--- DATA FOR THE TASK ---

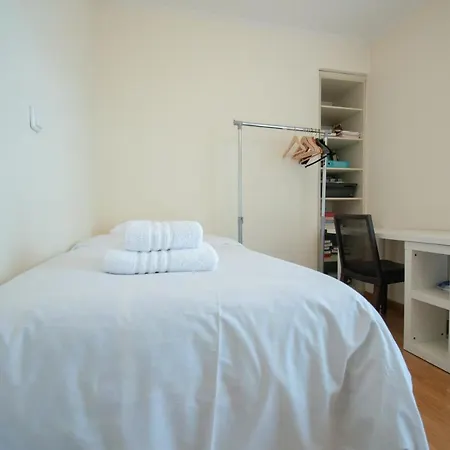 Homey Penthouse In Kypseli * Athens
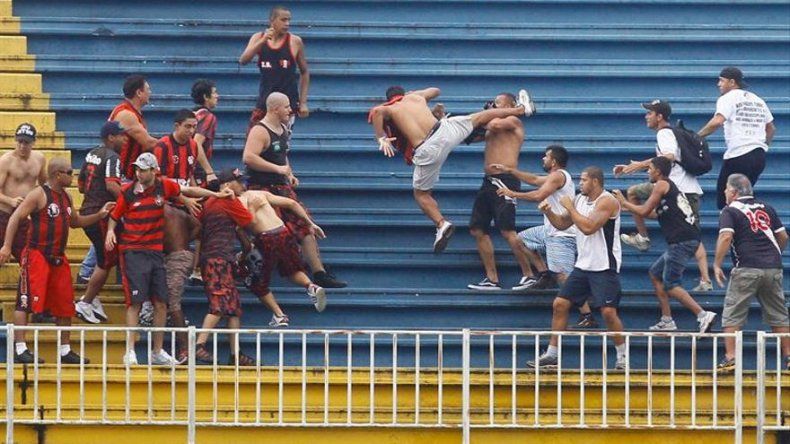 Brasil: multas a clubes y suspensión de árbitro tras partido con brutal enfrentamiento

---
--- DATA FOR THE TASK ---

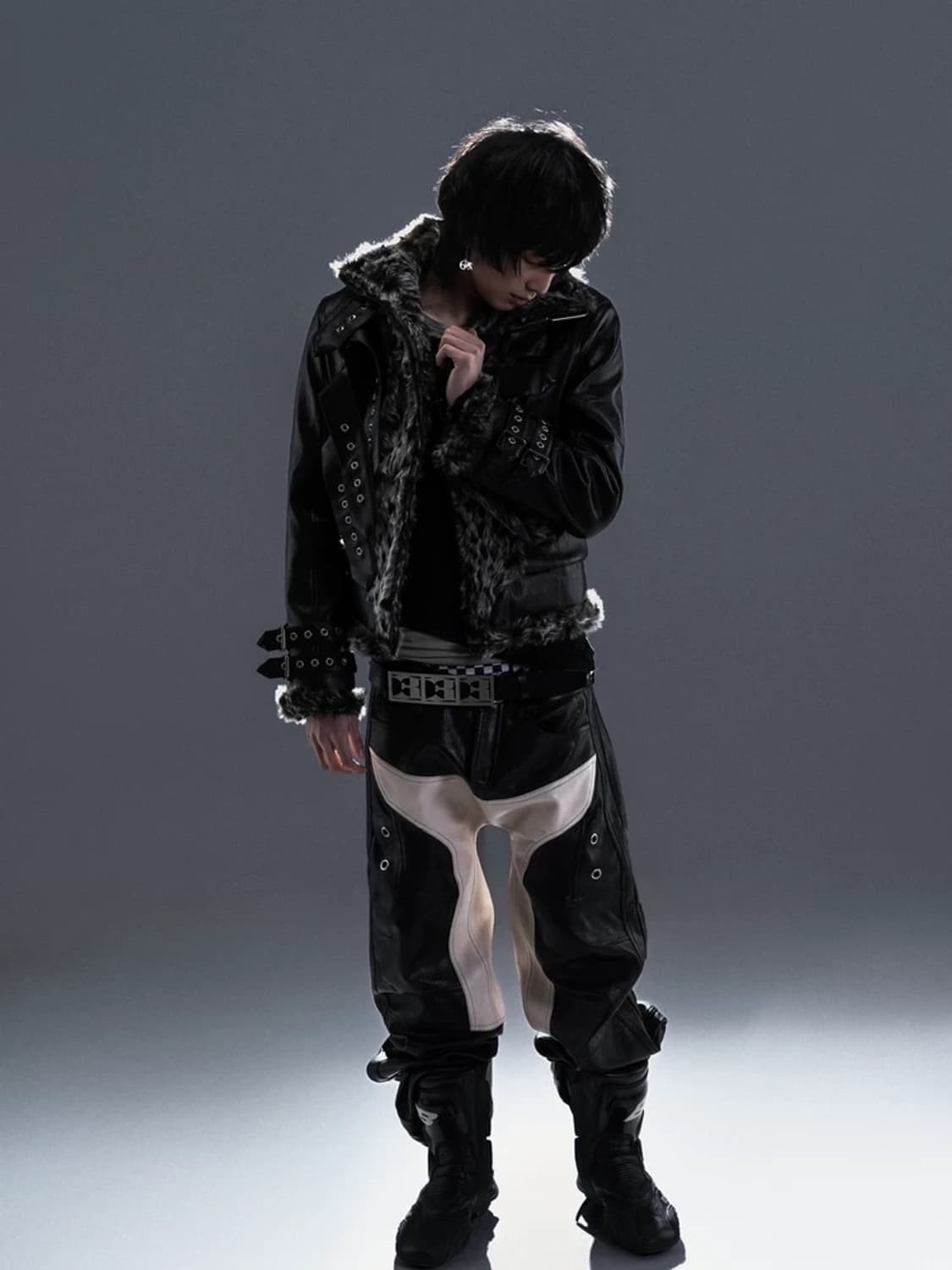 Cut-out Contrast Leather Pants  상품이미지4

---

> _PROBLEM DETAILS_
In the data above, find the line containing "Homey Penthouse In Kypseli * Athens" and the line containing "Brasil: multas a". Copy exactly the stretch from the first through the second, both included, leaving out any picture.

> _EXPECTED ANSWER_
 Homey Penthouse In Kypseli * Athens
 Brasil: multas a clubes y suspensión de árbitro tras partido con brutal enfrentamiento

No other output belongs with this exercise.